I got rails that were too long for the table, I over hung them on one side so I could do easy tool changes and dove tail joints on vertical boards. I have so far regretted this decision because during the first bit change my 60 degree V bit dropped out of the router right down onto the concrete floor. DAMN.
Installing the rails was easy, I just bolted down one side, cut a piece of wood to the exact spacing I wanted and then pulled the other rail against it as I secured it to the table. This way I did not have to measure and the rails are exactly parallel. My angle brackets were actually cut from C-channel (from our scrap bin at work) hopefully when I get into cutting aluminum I can cut new ones because these are pretty rough. My belt tensioner bracket was also re-used which I will need to upgrade. Ideally I would have put a bigger table top on and cut a big “U” out of one side but wanted to see how the rails worked first without spending money on a 1" MDF top.

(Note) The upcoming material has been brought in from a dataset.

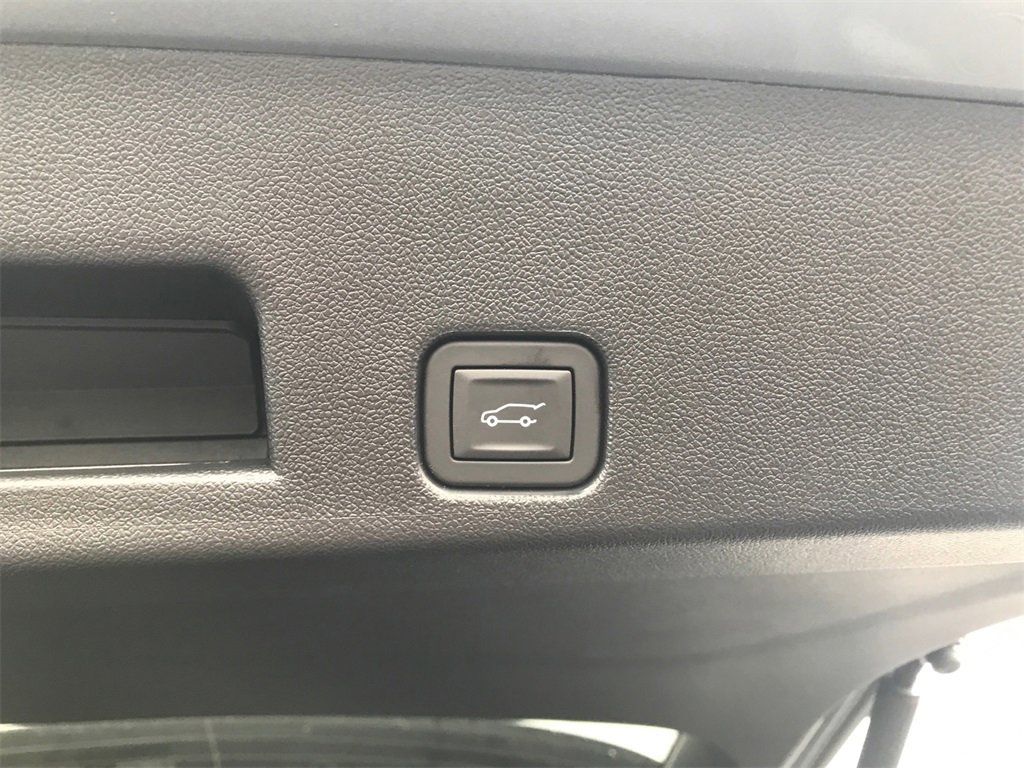 2026 GMC ACADIA - Image 32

After squaring everything up (I will skip this detail unless someone is curious) I trammed the lowrider and checked for square. on a 600mm x 800mm triangle the diagonal is bang on 1000mm. I was always about half a mm off on a 300x400 triangle when I had my old rails and wheels (I see this as a significant improvement) best thing is, I don’t have to square up the machine, it just stays square and I can pull it by hand into place, fire it up and its good to go.
Cut some stop blocks that snap onto the rails and are just friction fit but very tight. These will be used as stops when I start a complicated project so I have a reference point in the event the machine crashed. These were cut with 1/4 upcut bit at 8mm DOC and 20mm/sec. Lots of chips but the ID was bang on with a 0.3mm cleanup pass.
After all the messing around I had to knock out a quick project to keep the wife happy (and the kiddo).
All in all I am happy with the results, the next step would be aluminum XY corner pieces that another forum member had designed… Why?.. because I can!